この節では、Backup でオートチェンジャを使用する場合に起こる問題の解決法を説明します。
Backup デバイスドライバソフトウェアをインストールしたあと、lusdebug プログラムを使ってサーバーとの接続を検査し、jbexercise プログラムを使ってオートチェンジャを検査します。次に示すコマンドの control-port に、たとえば scsidev@0.6.0 などの、使用しているオートチェンジャに割り当てられている制御ポートの番号を指定します。
# lusdebug control-port 0 # jbexercise -c control-port -m model |
これらのコマンドの実行が失敗した場合やエラーメッセージが表示された場合には、以降の節の説明を参考にして、原因を追及し、解決してください。
lusdebug コマンドが失敗した場合は、次のヒントを参考にして、考えられる問題を特定し、解決をはかります。
スーパーユーザーになって sjiinq コマンドを使い、引数に制御ポートを指定します。次のようなメッセージが表示されます。

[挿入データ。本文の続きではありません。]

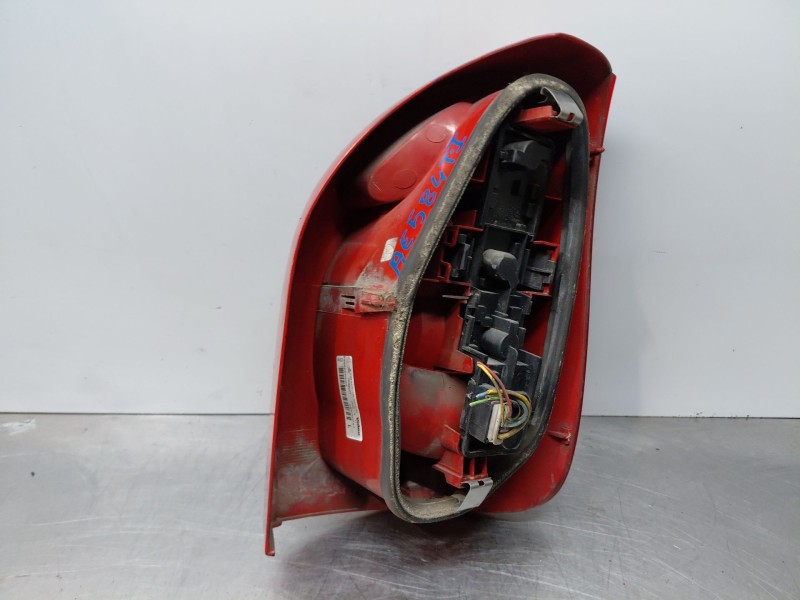 Recambio de piloto trasero izquierdo para citroën xsara picasso (n68) 2.0 hdi referencia OEM IAM   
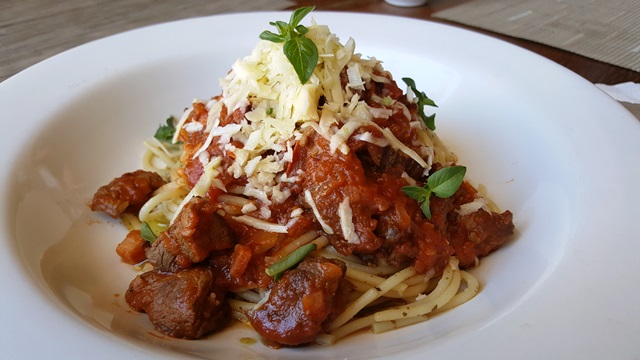 Espaguete de carne de sol a matriciana, queijo coalho curado e folhas de manjericão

scsidev@0.6.0:<EXABYTE EXB-10i EXB-10i > |
このメッセージの情報に誤りがないことを確認します。
ベンダー名とモデル名が正しくない場合は、ドライバのインストール時に、デバイス ID に誤った SCSI ID を指定しています。インストールスクリプトでは、テープドライブではなく、機械的な機構の SCSI ID の指定が求められます。
デバイスドライバをアンインストールしてインストールし直し、オートチェンジャ (無人アーム) の正しいアドレスを指定します。SCSI バスの各デバイスに、それぞれ異なる SCSI ID アドレスが指定されていることを確認します。
次の各テストをして、オートチェンジャが正しく接続されていることを確認します。
SCSI バスのコネクタがすべて正しく接続されているか
すべての SCSI ケーブルに欠陥がないか
SCSI バスの終端抵抗が正しく設定されていて、バスが ANSI SCSI-II 仕様 (ANSI X3.131-1994) で規定されている長さの範囲にあるか
終端抵抗を正しく設定するには、SCSI バスの両端を適切な抵抗で終端処理しければなりません。シングルエンドの SCSI バスでは、+5VDC 側で 220 オーム、接地側で 330オームです。差動型ターミネータでは、122 オームの特性インピーダンス (-5VDC から +5VDC) があります。SCSI バスの終端は、バスのどちらの側から見ても最後の SCSI デバイスとみなされます。そこでは、周辺機器とシステムの両方がピア SCSI デバイスとみなされます。
SCSI バスのバスの両端以外でデバイスに終端抵抗を付けるのは、お勧めできません。終端を追加すると、バスの各デバイスのハードウェアバスドライバに負担がかかり (仕様の範囲を越えて)、信号の伝送に影響が及びます。その結果、信号の伝送時にタイミング要件に対応できなくなる可能性があります。
SCSI バスの長さの制限は信号の品質に影響することから、バスの伝送エラーの確率にも影響があります。シングルエンドの SCSI バスが最も普及していますが、この SCSIバスの長さは 6 メートルです。ただし、FAST SCSI デバイスを接続して使用しているときは、長さの制限は 3 メートルになります。この長さには、外部のケーブルの長さと、デバイス内でのバスの長さがそのまま含まれます。内部の長さのおおよその目安としては、ワークステーションシャーシの内部バスの長さを 1 メートル、外部の周辺ボックスではデバイスごとにおよそ 0.25 メートルとみなします。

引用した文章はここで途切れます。